In 2015, two men drove a Volkswagen
across the continental United States on just over 100 gallons of fuel. Their 81-mile-per-gallon performance
doubled the car’s estimated fuel rating, and set the record for the lowest
fuel consumption ride of a diesel car. The duo call themselves hypermilers and are experts in techniques
that maximize a car’s fuel efficiency, such as the pulse-and-glide. In the pulse, drivers accelerate slowly until they’re traveling slightly
above their intended speed. They then slowly release the throttle
and glide, until they’re slightly below,
and repeat.
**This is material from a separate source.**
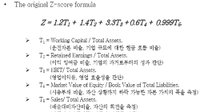 Z-스코어, 투자 대상을 알려주는 지표?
To understand why this
strategy saves fuel, we first need to unpack what exactly
is going on beneath a car's hood. Non-electric cars run on internal
combustion engines, or ICEs. Cars are often advertised as sporting
a 4-, 6-, or 8-cylinder engine, which refers to this device's
main components. Within each of these cylinders
is a piston, which moves up and down, spinning a bar known as a crankshaft, effectively converting linear motion
into a rotary motion that can drive the wheels. What powers these pistons’ movements is what gives these engines
their namesake: combustion. As the piston lowers, air and fuel are
sprayed into the cylinder’s chamber. Then as the piston rises,
this air and fuel mixture is compressed. In gasoline engines,
a spark is introduced, igniting the gas. In diesel engines, the compression alone
creates a mini explosion. This combustion causes an immediate
increase in temperature and pressure, propelling the piston down,
as it starts the cycle again. The gas pedal controls the amount
of air and subsequent fuel released into the chamber. The more fuel in the chamber,
the more powerful the combustion, making the crankshaft rotate faster. Driving down the highway, ICE cars
spark thousands of blasts per minute. But explosion-power driving
is pretty inefficient, as much of the energy generated
is lost to heat. In fact, only 16 to 25% goes
towards moving the wheels. These explosions also create CO2, and ICE engines produce 15%
of the total global carbon emissions. The pulse-and-glide can increase
efficiency for two reasons. First, when accelerating to higher speeds
during the pulse, the engine works at a higher efficiency compared to traveling
at a constant lower speed. And second, modern car engines
shut off fuel injection or idle, when decelerating. Meaning that as the car glides, the wheels are driven by inertial energy,
rather than combustion, ultimately saving fuel. But even at their peak performance, ICE hypermilers can’t compete with the
true champion of fuel efficiency rides: the electric vehicle. Many EVs run on induction motors,
which have two main parts: a stator and a rotor. The stator is a series of rings,
with copper wires wrapped around it. By conducting electricity
at variable rates, these wires create
a rotating magnetic field. This field induces the rotor
with electrical current, causing it to spin,
and driving the motion of the wheels. For EVs, pressing on the accelerator
changes the frequency of current driven into the wires of the stator, in turn increasing the rate
at which the rotor spins. By utilizing battery power
rather than gasoline, 65 to 69% of the energy consumed by EVs goes directly to moving the wheels. And since EVs don't create explosions,
fewer parts are needed below the hood. While a typical ICE vehicle has
over 2,000 moving parts to help contain, cool,
and maintain combustion, a typical EV has about 20. EVs are completely changing
the hypermiling game as drivers compete to travel the farthest
on the fewest kilowatt-hours. And records will likely only
get more impressive, as the design of EV motors
allows for the introduction of innovative energy-saving devices. For example, most EVs utilize
regenerative braking, where energy normally lost to friction
is conserved. As the car slows, the electric motor
operates in reverse, capturing the vehicle’s kinetic energy
to recharge the battery. Some companies are even equipping
EVs with rooftop solar panels, further increasing their range. Since they don’t burn fuel,
EVs have zero tailpipe emissions. That’s not to say they’re
always carbon neutral. EVs require regular charging
of their batteries, meaning their emission profile
is only as clean as the electric utility they plug into. So as global grids continue to shift
towards renewable sources, EVs are also becoming greener, making them an even more attractive,
hyper-efficient option.